Verbatim copy, images removed: write out the entries below.

________________

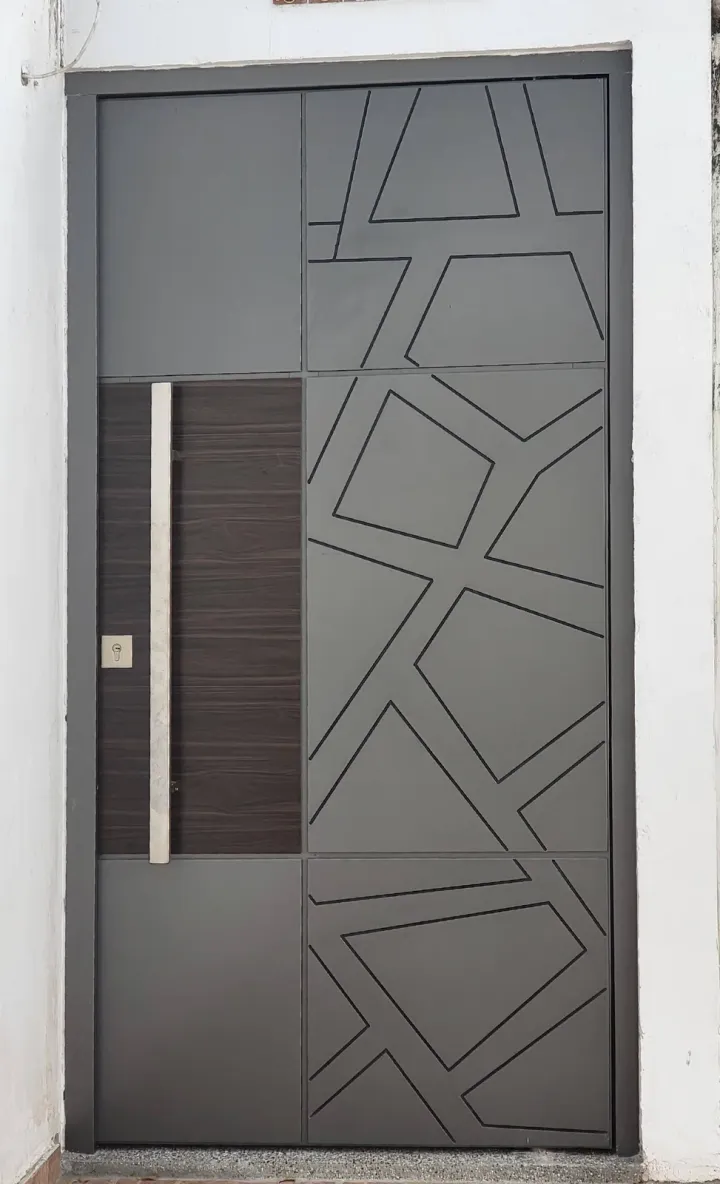 Puerta de ACM gris con dibujo geométrico ranurado y una banda de madera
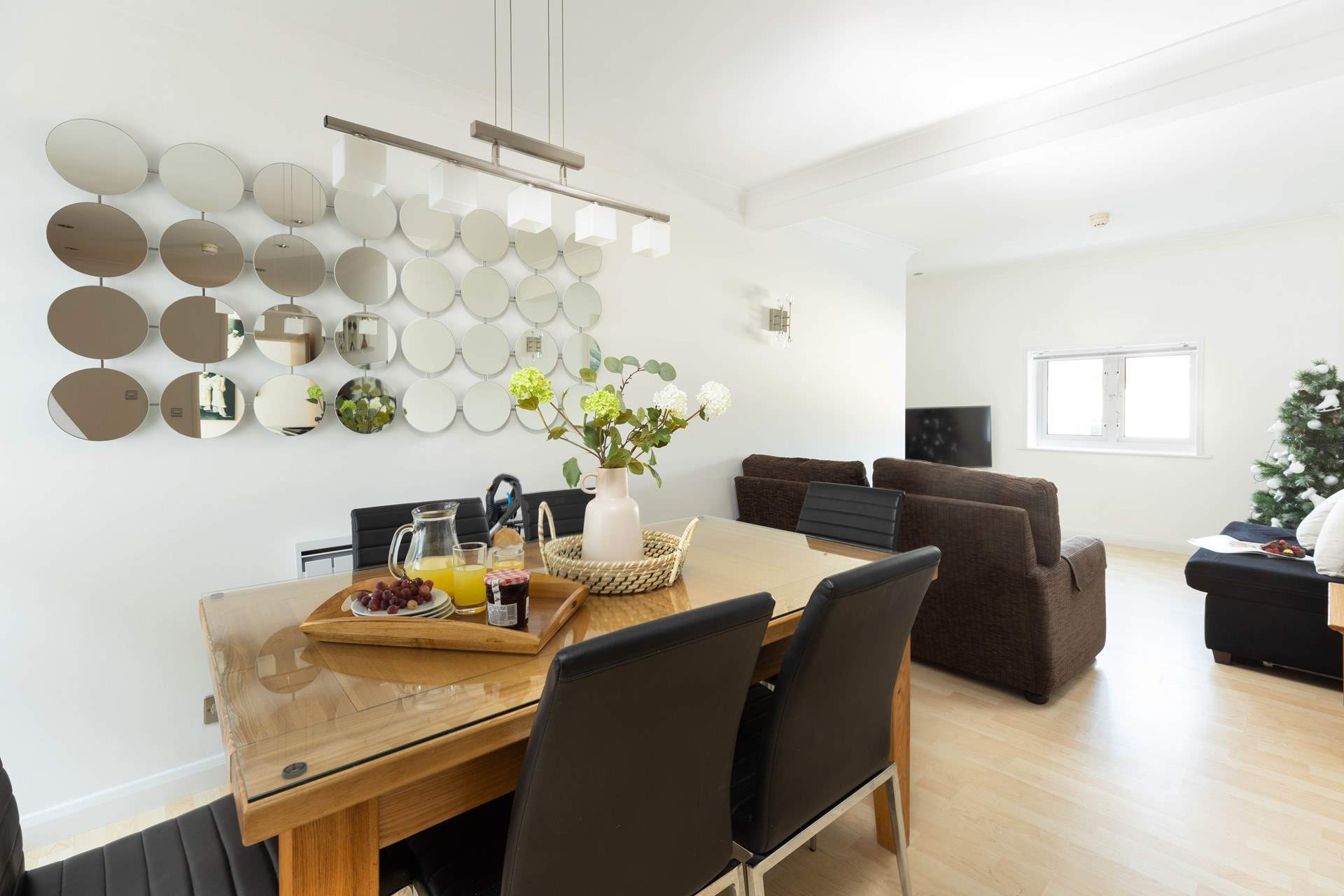 The open plan area is both bright and spacious.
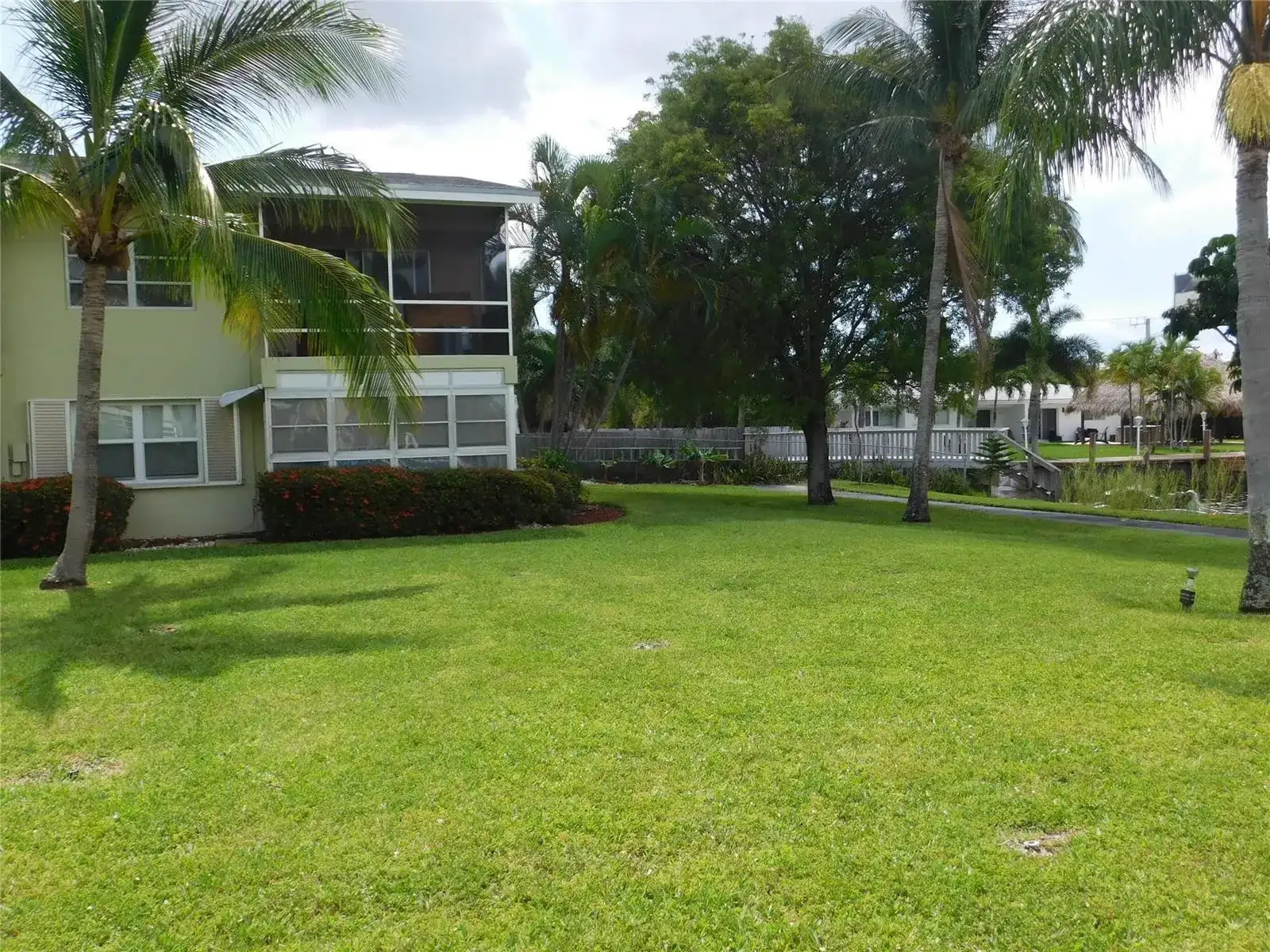 960 Crystal Lake Drive # 201, Deerfield Beach FL 33064 photo 5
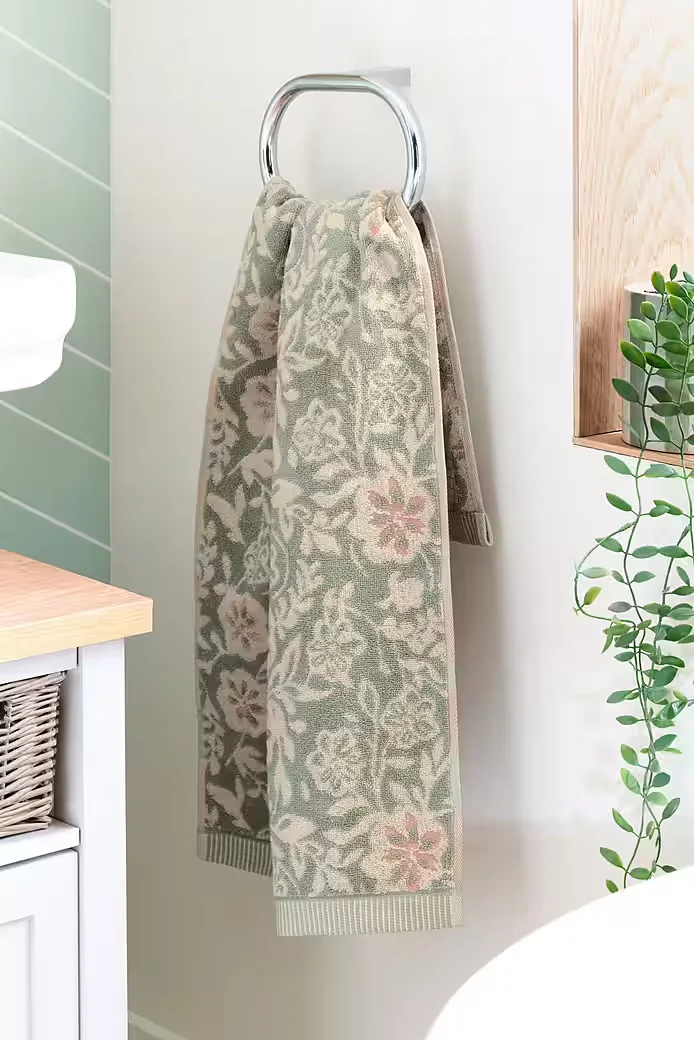 NEXT Handtuch aus 100 % Baumwolle mit Blumenmuster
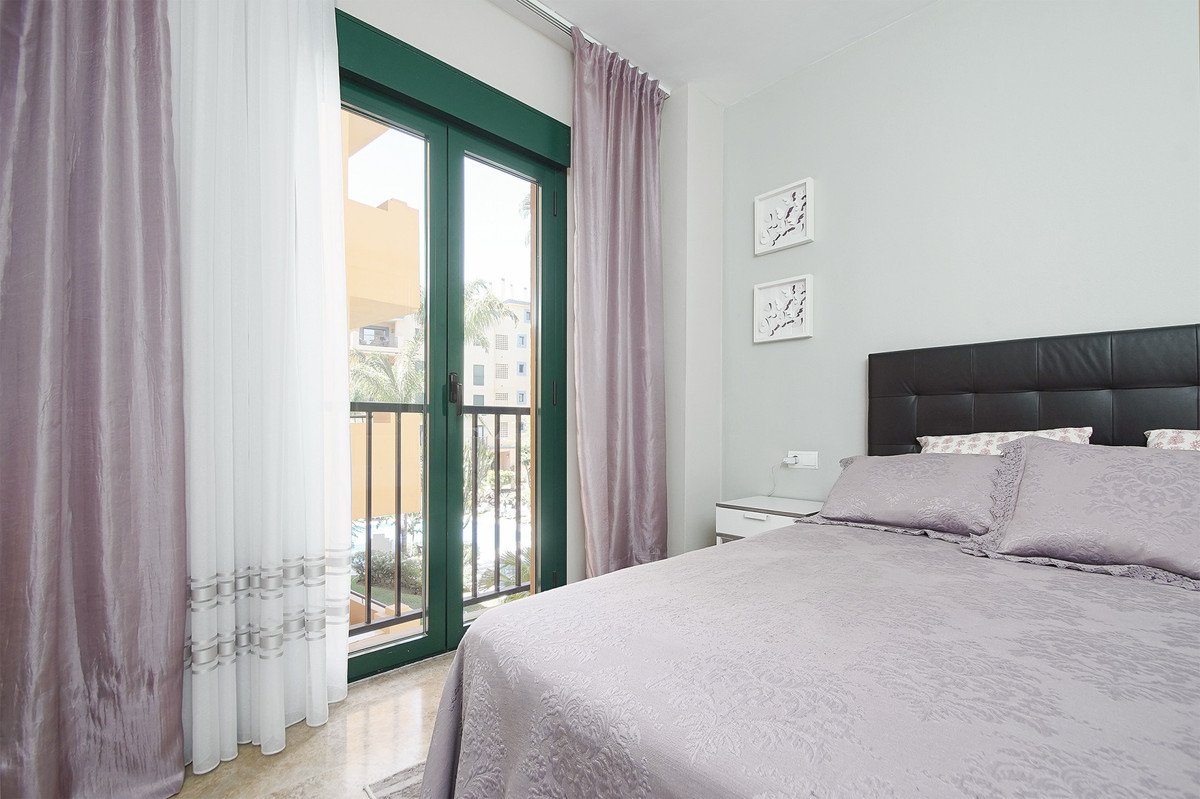 3 Bed Middle Floor Apartment in San Pedro de Alcántara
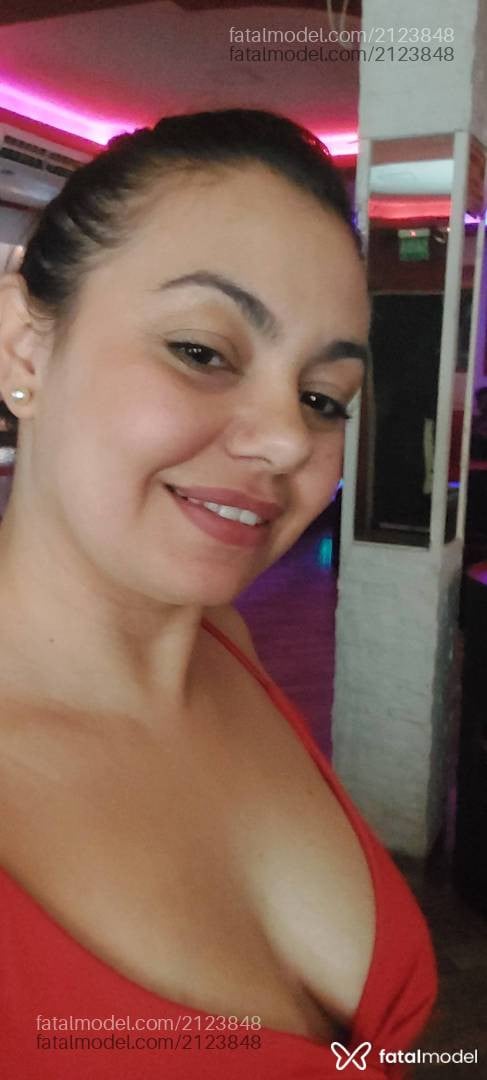 Acompanhante mulher morena (o) de olhos castanhos - Ousadasolteira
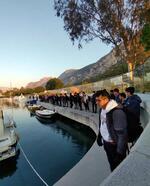 Yelkenli tekne ile Yunan adalarına kaçmaya çalışan 111 kaçak göçmen yakalandı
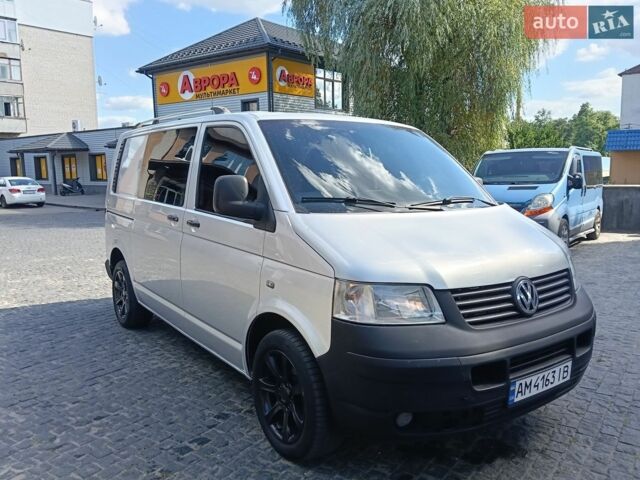 Сірий Фольксваген Transporter, об'ємом двигуна 1.9 л та пробігом 580 тис. км за 7500 $, фото 1 на Automoto.ua
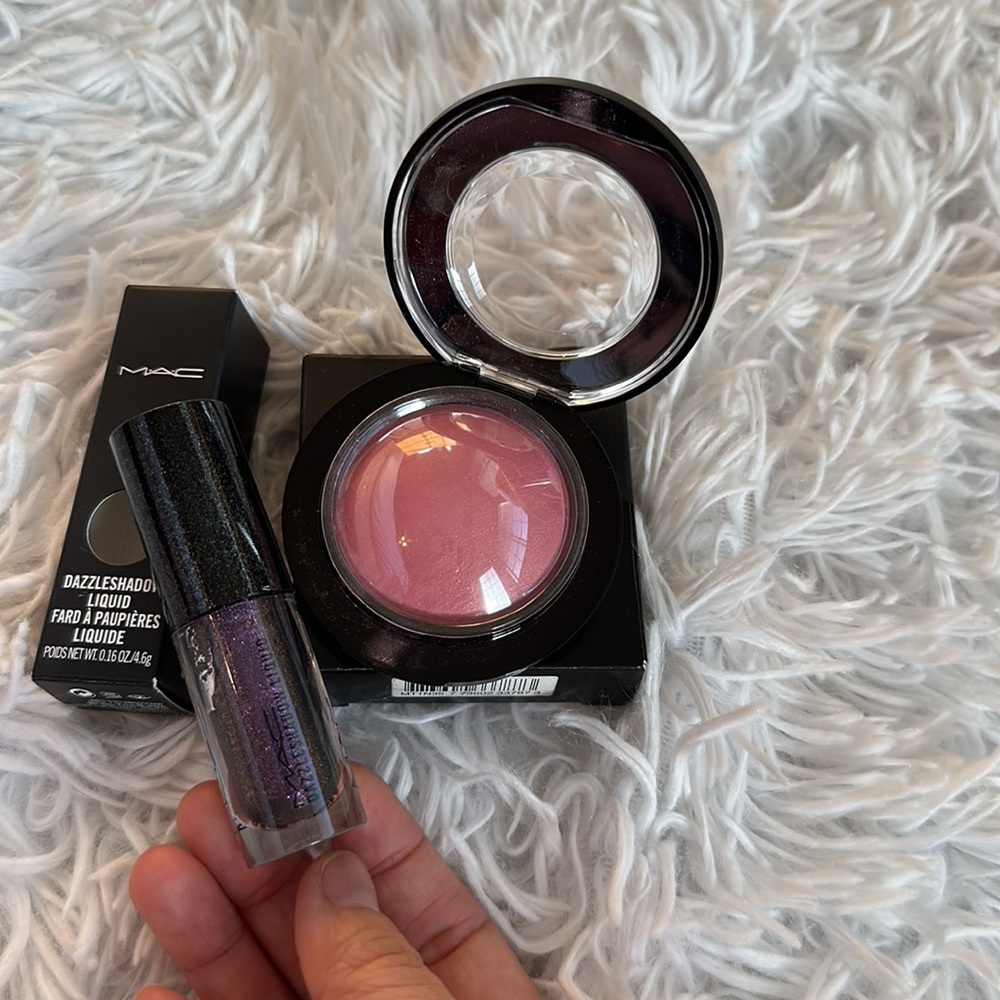 MAC Cosmetics - Picture 2 of 4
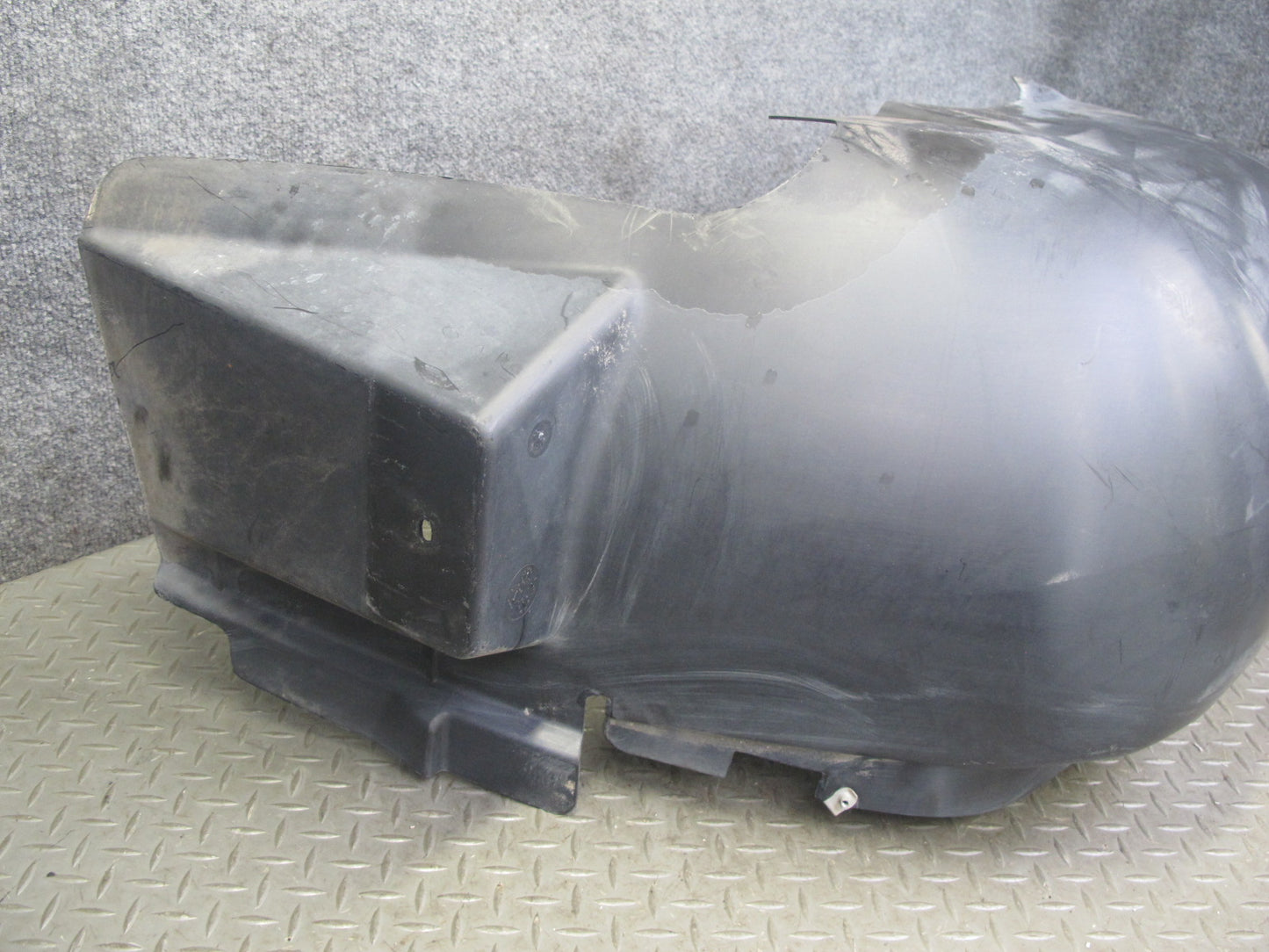 2003-2009 Hummer H2 Rear Right Side Wheel Fender Liner Splash Guard Shield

________________

• _Task answer_:
 Puerta de ACM gris con dibujo geométrico ranurado y una banda de madera
 The open plan area is both bright and spacious.
 960 Crystal Lake Drive # 201, Deerfield Beach FL 33064 photo 5
 NEXT Handtuch aus 100 % Baumwolle mit Blumenmuster
 3 Bed Middle Floor Apartment in San Pedro de Alcántara
 Acompanhante mulher morena (o) de olhos castanhos - Ousadasolteira
 Yelkenli tekne ile Yunan adalarına kaçmaya çalışan 111 kaçak göçmen yakalandı
 Сірий Фольксваген Transporter, об'ємом двигуна 1.9 л та пробігом 580 тис. км за 7500 $, фото 1 на Automoto.ua
 MAC Cosmetics - Picture 2 of 4
 2003-2009 Hummer H2 Rear Right Side Wheel Fender Liner Splash Guard Shield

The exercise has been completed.